What is needed:
Please set down, word for word, the line that contains "Dictionnaire des médias" and every line after it to the end of the entries below, omitting the pictures.
Data to process Block Start
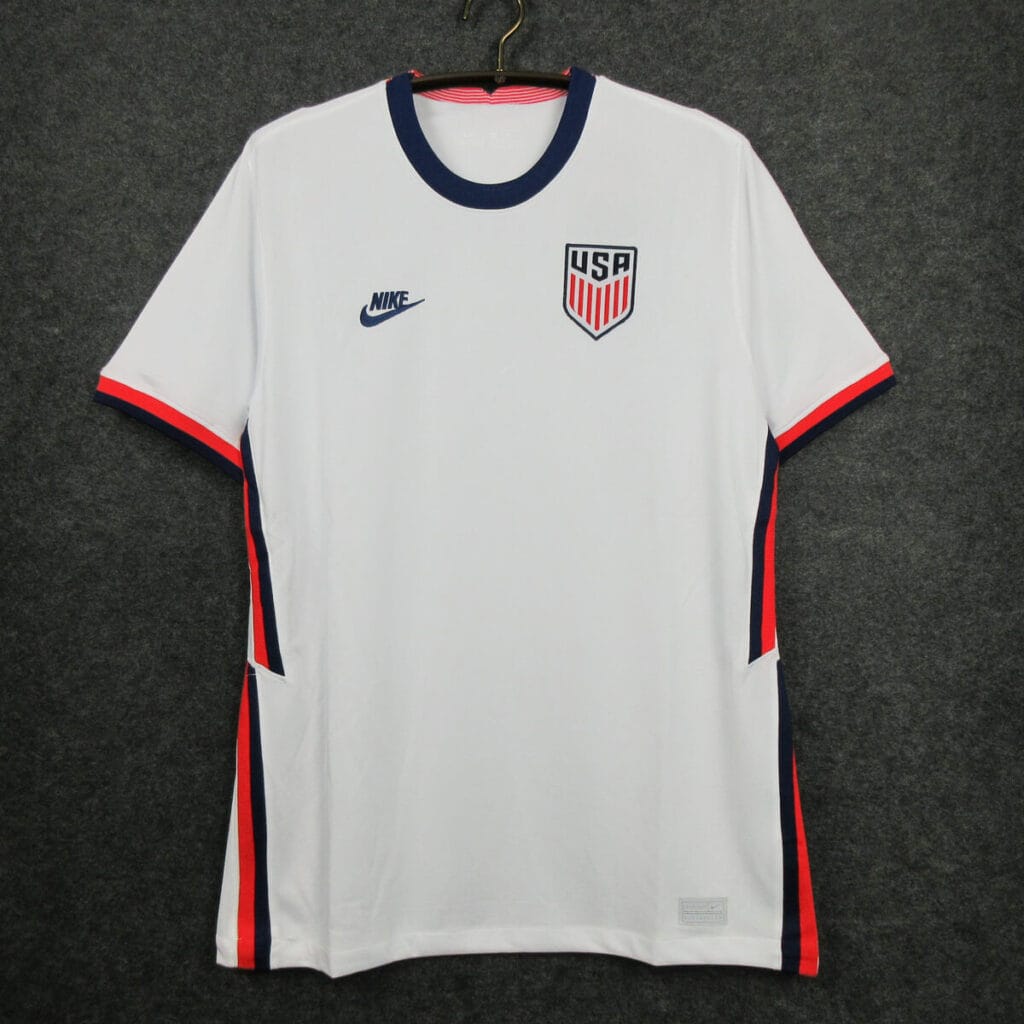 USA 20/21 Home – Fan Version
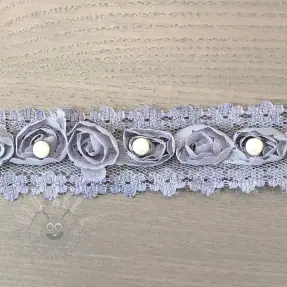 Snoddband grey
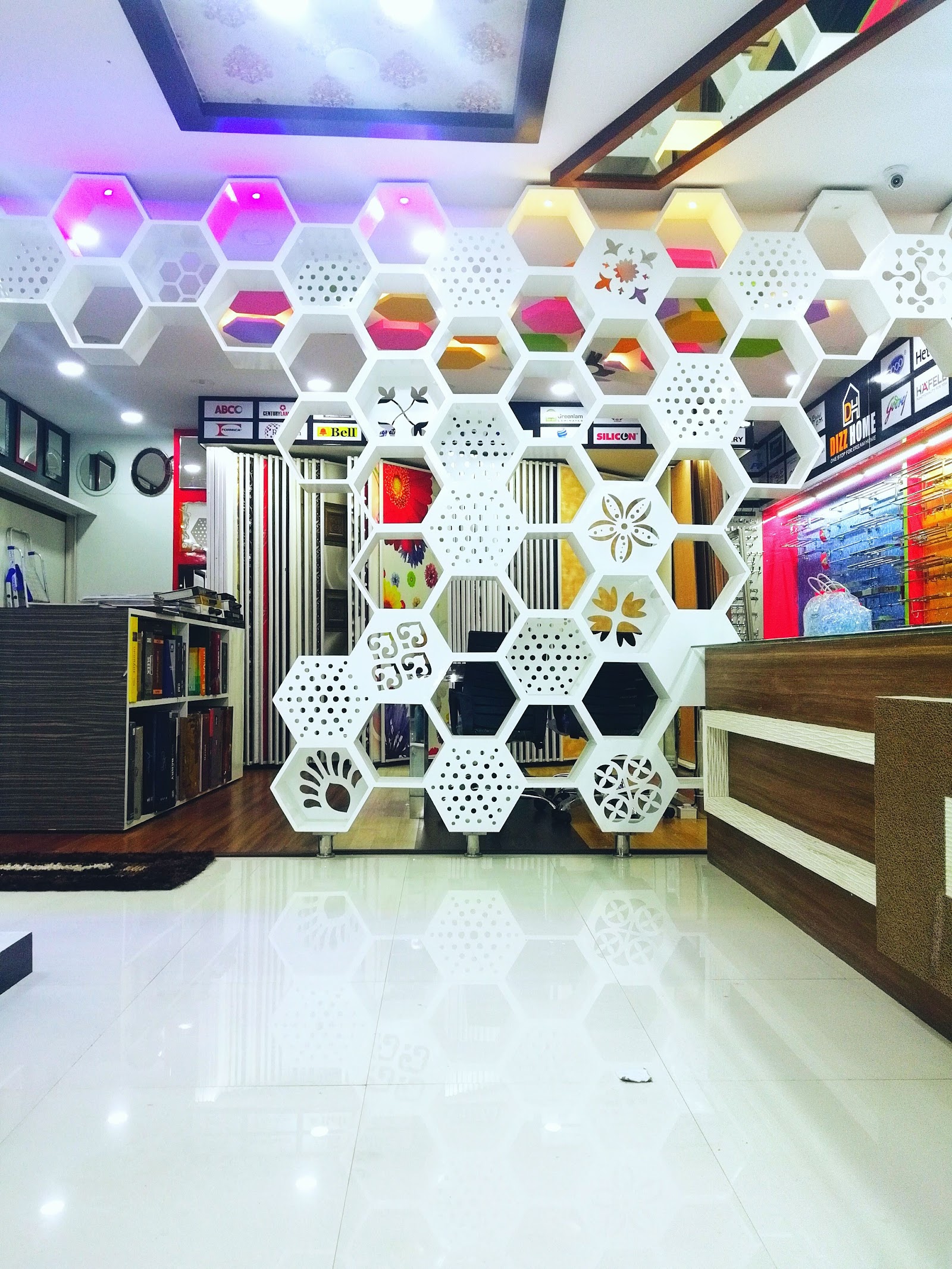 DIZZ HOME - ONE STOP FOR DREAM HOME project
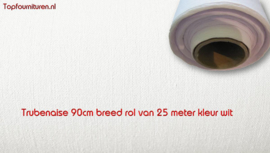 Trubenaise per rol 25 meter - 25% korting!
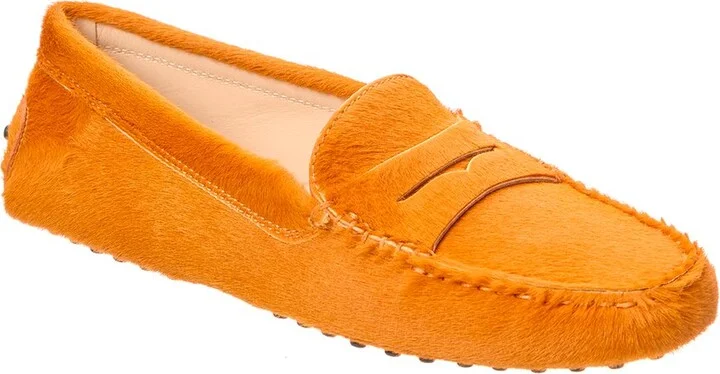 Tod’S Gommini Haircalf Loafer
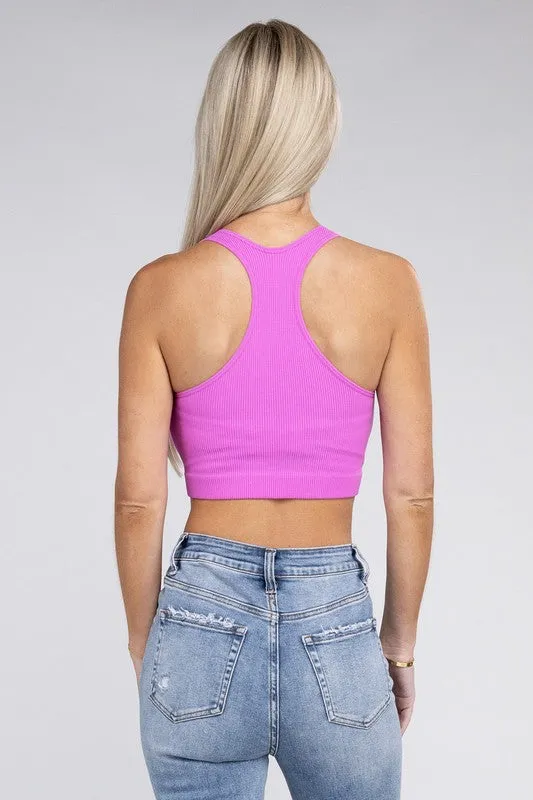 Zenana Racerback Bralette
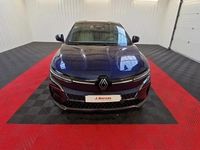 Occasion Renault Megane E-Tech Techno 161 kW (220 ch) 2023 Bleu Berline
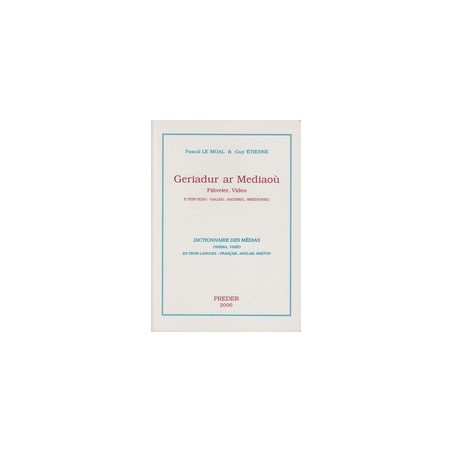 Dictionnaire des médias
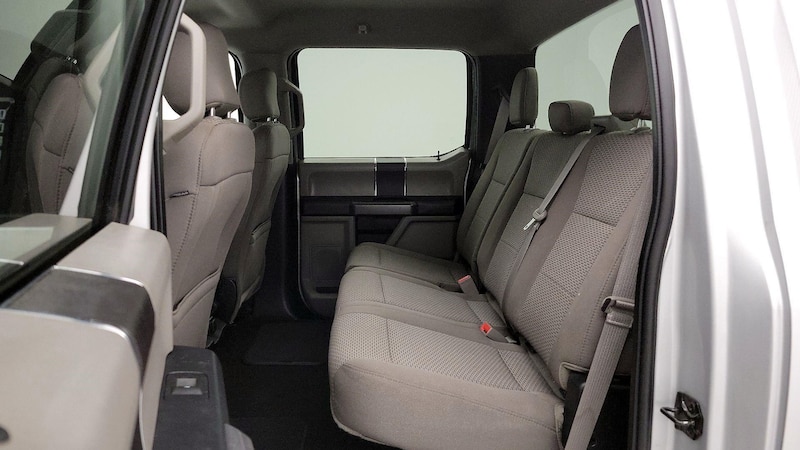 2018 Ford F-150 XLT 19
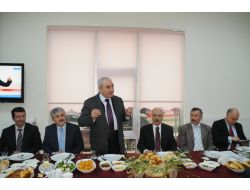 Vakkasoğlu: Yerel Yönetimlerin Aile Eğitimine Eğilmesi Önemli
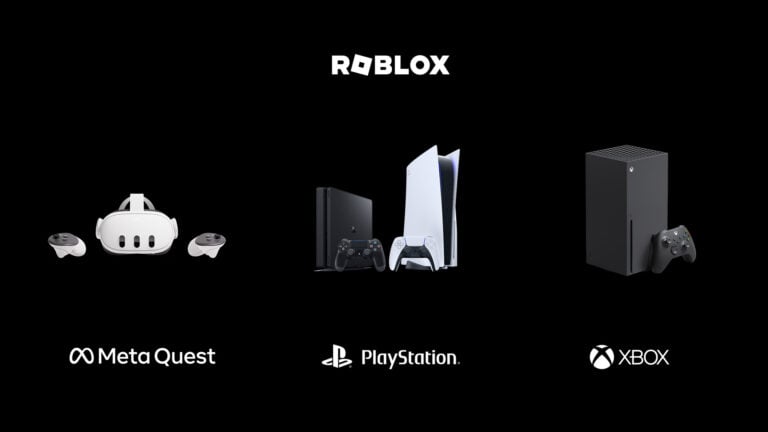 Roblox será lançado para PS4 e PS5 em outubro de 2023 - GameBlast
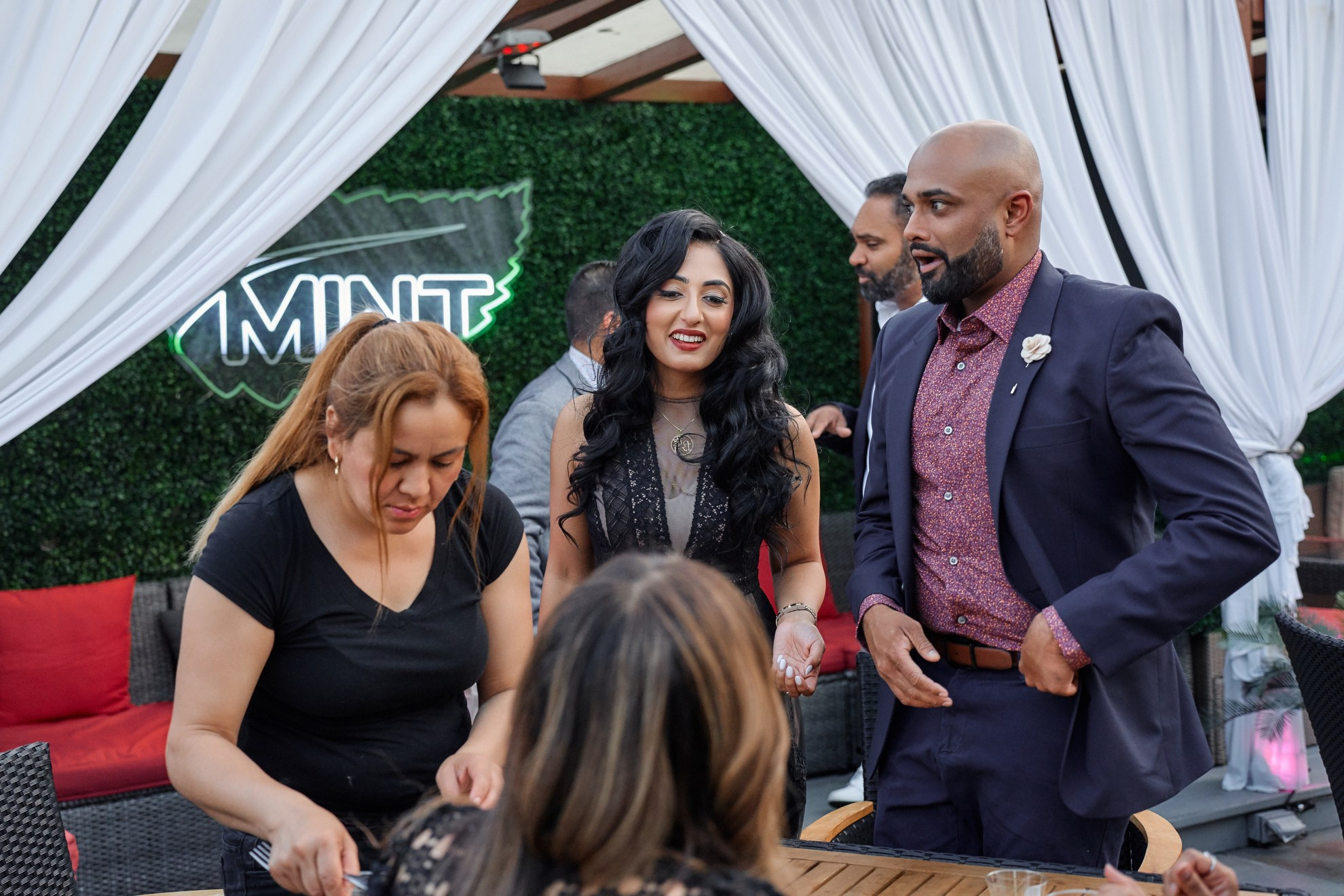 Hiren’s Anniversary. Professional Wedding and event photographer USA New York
Data to process Block End
Response area:
 Dictionnaire des médias
 2018 Ford F-150 XLT 19
 Vakkasoğlu: Yerel Yönetimlerin Aile Eğitimine Eğilmesi Önemli
 Roblox será lançado para PS4 e PS5 em outubro de 2023 - GameBlast
 Hiren’s Anniversary. Professional Wedding and event photographer USA New York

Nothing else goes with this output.